Bright
Dir: David Ayer
2017
***
I'm no big fan of David Ayer. I find his films to be
incredibly samey and he seems to possess the same two tricks which he plays
again and again. Some of his films are better than others, with Fury probably
his best so far. His obsession with Los Angeles gang culture is tiresome though
and after 2016's Suicide Club I'm surprised he's still getting any work
out. Bright had its premiere on the small screen, which I think will always
hinder a production. So far everyone seems to hate it, with some calling it the
worst film of 2017. Now, as much as I've disliked some of his films in the
past, Bright is far from the worst film of 2017 and is also a great deal of
fantasy fun. It's no masterpiece sure, but it is a fantastic story and is
entertaining throughout. Ayer has clearly been marked. I hate this new trend in
Hollywood. The film was slated before it even came out, Ayer - and star Will
Smith to some extent - have been labeled in the Hollywood media and I'm not
sure if they will ever recover. I judge a film by its own merit, as should
other people. I'm a film critic but I totally understand why people are turning
on us, not understanding that some of us are independent and some of us
aren't. Anyway, I thought Bright was pretty good. I loved the premise; in a
presumably parallel dimension, Earth is just like ours, except magic does
exist, as do Orcs and Elves. Orcs are pretty much how they are described in
fantasy novels; they are slow, sluggish and not particularly pretty. They
are treated as lower-class citizens, mainly due to the fact they sided with the
mysterious dark lord over two-thousand years ago. Elves on the other hand
live an exclusive life in their own city. They are successful, well dressed and
control pretty much everything. Humans are somewhere in the middle. I also
spotted a police horse-Centaur in one scene which I thought was brilliant but
it wasn't a race that was explored. The criticism I've read for the film
is that very little is explained, which I find a bit frustrating as the
audience is given plenty of information with which to read between the lines.

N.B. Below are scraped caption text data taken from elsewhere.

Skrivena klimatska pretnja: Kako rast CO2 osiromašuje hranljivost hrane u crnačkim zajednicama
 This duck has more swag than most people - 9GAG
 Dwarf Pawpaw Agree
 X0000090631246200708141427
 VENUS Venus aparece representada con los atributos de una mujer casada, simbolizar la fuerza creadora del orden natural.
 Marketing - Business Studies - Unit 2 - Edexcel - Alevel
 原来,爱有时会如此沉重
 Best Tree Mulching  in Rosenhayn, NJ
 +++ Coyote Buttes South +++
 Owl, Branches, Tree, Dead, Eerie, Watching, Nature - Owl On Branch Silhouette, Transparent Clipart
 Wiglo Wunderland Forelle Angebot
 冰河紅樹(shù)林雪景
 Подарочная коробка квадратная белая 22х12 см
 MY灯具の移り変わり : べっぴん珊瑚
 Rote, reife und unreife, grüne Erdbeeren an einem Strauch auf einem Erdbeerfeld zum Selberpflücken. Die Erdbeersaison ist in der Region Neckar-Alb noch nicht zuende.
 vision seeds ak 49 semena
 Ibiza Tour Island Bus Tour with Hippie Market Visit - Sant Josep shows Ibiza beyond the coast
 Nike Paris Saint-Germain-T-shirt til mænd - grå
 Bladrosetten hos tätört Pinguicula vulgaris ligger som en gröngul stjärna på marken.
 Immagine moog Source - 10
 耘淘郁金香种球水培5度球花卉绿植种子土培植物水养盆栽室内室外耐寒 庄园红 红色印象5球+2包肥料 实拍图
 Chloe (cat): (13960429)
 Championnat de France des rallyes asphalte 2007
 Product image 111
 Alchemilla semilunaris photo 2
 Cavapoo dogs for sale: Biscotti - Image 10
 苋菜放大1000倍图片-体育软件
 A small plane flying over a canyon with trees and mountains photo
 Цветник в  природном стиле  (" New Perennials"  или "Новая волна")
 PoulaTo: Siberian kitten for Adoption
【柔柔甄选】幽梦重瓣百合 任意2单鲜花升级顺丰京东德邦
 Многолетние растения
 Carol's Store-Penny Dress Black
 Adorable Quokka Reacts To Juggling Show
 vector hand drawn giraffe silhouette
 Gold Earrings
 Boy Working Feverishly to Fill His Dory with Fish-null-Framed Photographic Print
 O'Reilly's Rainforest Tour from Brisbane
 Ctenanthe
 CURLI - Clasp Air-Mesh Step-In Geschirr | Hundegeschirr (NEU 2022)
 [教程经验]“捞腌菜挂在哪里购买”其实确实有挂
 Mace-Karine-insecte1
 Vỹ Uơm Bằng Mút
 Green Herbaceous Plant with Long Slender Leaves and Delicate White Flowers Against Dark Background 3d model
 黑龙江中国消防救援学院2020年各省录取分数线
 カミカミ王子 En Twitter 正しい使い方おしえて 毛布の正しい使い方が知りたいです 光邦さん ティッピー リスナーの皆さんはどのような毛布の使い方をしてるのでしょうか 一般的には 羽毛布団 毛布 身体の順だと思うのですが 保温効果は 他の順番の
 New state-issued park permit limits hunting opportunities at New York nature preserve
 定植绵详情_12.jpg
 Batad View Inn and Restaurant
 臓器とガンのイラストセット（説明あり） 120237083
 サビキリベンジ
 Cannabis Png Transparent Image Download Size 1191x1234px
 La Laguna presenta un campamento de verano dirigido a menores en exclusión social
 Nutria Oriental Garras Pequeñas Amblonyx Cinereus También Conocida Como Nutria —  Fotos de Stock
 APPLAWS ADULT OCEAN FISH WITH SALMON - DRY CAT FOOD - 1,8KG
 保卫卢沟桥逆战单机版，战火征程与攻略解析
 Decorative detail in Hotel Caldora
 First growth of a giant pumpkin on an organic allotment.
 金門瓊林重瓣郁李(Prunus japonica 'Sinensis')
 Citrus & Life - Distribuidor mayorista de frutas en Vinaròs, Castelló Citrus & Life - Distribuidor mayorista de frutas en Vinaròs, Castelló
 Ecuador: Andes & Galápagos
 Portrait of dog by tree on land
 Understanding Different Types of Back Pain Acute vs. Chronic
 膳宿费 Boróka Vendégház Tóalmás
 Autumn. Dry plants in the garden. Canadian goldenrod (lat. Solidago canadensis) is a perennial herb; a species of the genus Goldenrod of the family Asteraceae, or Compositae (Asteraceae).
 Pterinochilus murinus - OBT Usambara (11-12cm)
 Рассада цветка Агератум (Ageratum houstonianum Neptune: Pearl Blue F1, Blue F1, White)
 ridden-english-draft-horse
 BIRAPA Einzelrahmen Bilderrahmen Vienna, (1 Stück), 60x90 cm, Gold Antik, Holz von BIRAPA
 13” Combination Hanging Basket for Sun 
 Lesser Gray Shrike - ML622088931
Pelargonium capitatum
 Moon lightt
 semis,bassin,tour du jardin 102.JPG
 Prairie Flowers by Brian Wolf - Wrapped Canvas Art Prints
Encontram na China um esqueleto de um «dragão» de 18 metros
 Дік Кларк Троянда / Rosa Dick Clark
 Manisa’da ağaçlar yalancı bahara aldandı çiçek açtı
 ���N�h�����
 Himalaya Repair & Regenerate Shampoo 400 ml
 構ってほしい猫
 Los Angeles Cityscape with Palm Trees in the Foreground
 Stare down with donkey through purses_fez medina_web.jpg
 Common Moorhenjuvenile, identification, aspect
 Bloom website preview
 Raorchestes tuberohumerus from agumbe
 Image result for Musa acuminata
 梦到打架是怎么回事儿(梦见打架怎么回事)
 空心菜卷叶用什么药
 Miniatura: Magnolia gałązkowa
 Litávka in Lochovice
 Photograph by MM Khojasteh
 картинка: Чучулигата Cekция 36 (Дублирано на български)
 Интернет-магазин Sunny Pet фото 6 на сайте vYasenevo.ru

If the film explained the entire history of this alternative reality it would
have been an incredibly boring film, as it was, it just got on with things and
I thought it was quite a clever approach. Will Smith, who plays a human police
officer called Daryl, is partnered with the first ever Orc cop and is put under
pressure by his colleagues for excepting him. Orc cop Nick (played by Joel
Edgerton) is shunned by his fellow police officers and by his Orc brothers. It
is clearly meant to be symbolic of racism in America but I'm not sure it is
truly successful in this respect. It is somewhere between Enemy Mine and
Colors, but has far more in common with Alien Nation and nearly every other
film Ayer has made. The fantasy element could have been stronger, as could the
relationship between the two main characters but all in all the idea
comes through. I don't think it would have been a great film to see in the
cinema but for a television movie its pretty good. I do understand the
criticism, I just don't see why Ayer got as much flak for it than any of his
other films. The editing is bad and the construction and continuity needed a
lot more work but it is better than many films hailed as 'great films' in 2017.
It's a neat idea, an idea that I think can be built on. I'm certainly up for a
sequel, even if it is directed by Ayer again.